In: Accounting
New laws under Dodd-Frank require companies to disclose the pay gap between the CEO and the median employee salary.
a) Do you think this is useful information to investors?
b) Is this a diversion of valuable resources (time and money) that would better serve investors if applied elsewhere?
a) Millions of Americans invest in the stock market through
their retirement funds and pension plans. Investors evaluate
numerous metrics to determine where to place their hard-earned
savings, but another measure could help determine whether a company
is a good buy: the chief-executive-to-worker pay ratio.It has been
well documented that large pay gaps between chief executives and
their workers severely weaken companies and put investments in
those companies at risk.
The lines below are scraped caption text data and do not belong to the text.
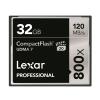 雷克沙(Lexar)CF卡 32GB 800X读120MB/s写45MB/s单反相机存储卡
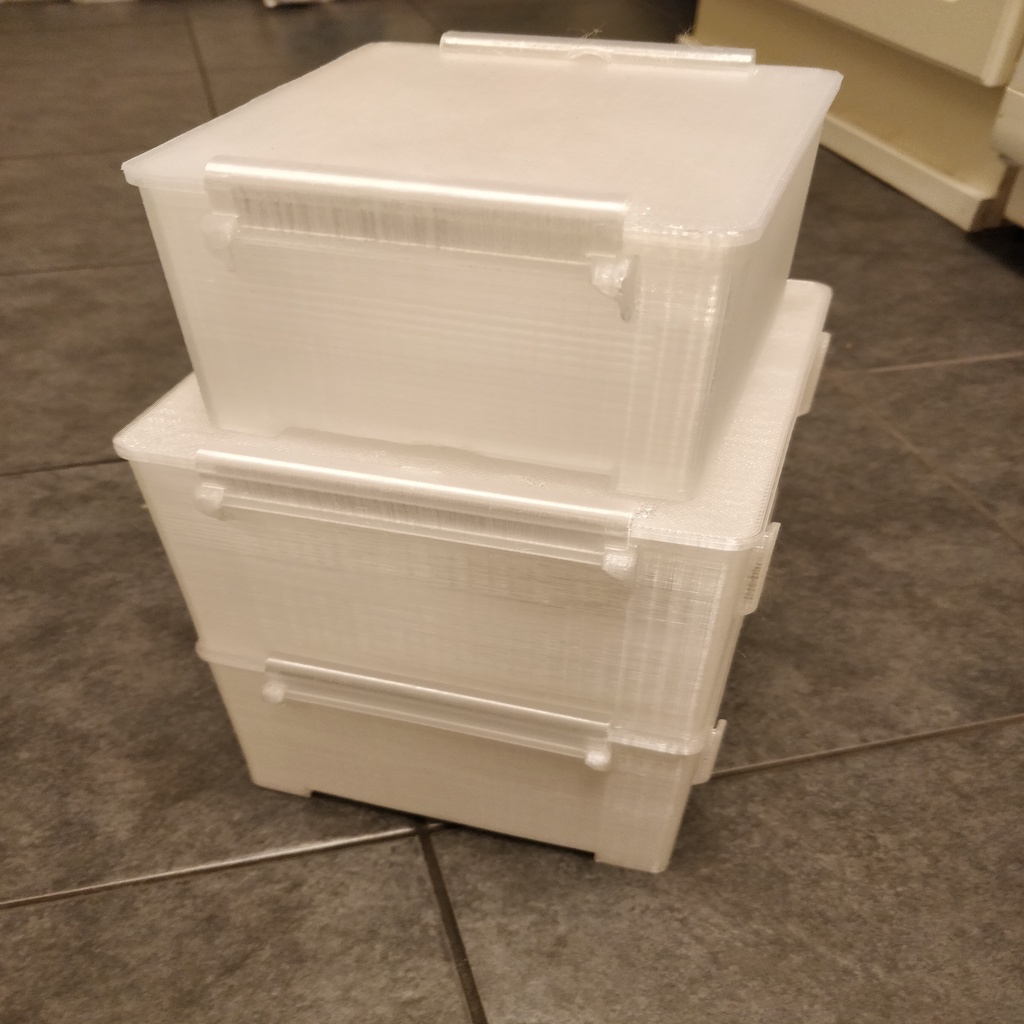 Stackable box with lid by Spegelius Download free STL model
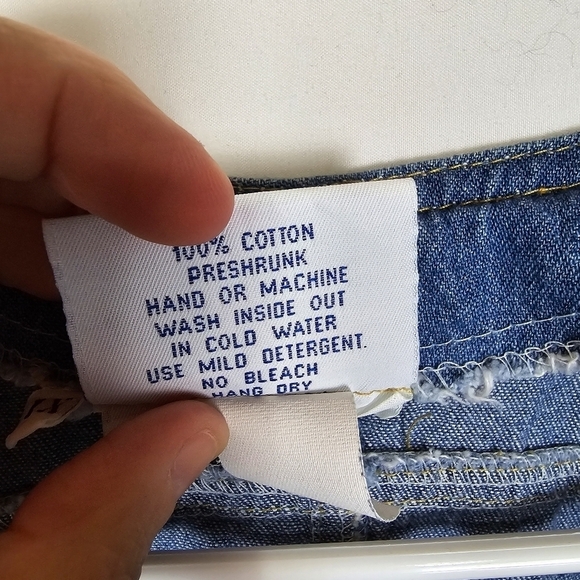 Vintage 80s Denim Floral Embroidered Beaded Button Up Shirt Tunic Mini Dress - Picture 8 of 8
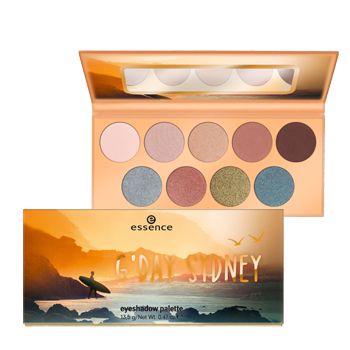 ESSENCE G'DAY SYDNEY akių vokų šešėlių paletė 13,5 g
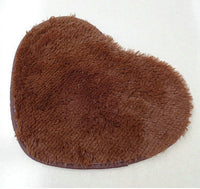 HKM-759443 Thickened Heart-Shaped Non-Slip Bath and Living Room Mat - 30x40cm Polyester Carpet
These gaps inhibit teamwork and lead to
lower job satisfaction and morale, higher employee turnover,
reduced productivity and inferior product quality. Companies with
low employee morale are routinely outperformed by competitors with
higher morale. According to Moody’s Investors Service, excessive
executive compensation indicates a weak board and poor
decision-making.
All of this makes the pay ratio an important financial indicator
that should have investors thinking twice before they invest their
money.
b) Its not a diversion of valuable resources.Calculating the pay ratio can be done efficiently and inexpensively. Intel estimated its costs of calculating the ratio would be just $15,000 a year.Investors need to see this ratio to help them make informed decisions.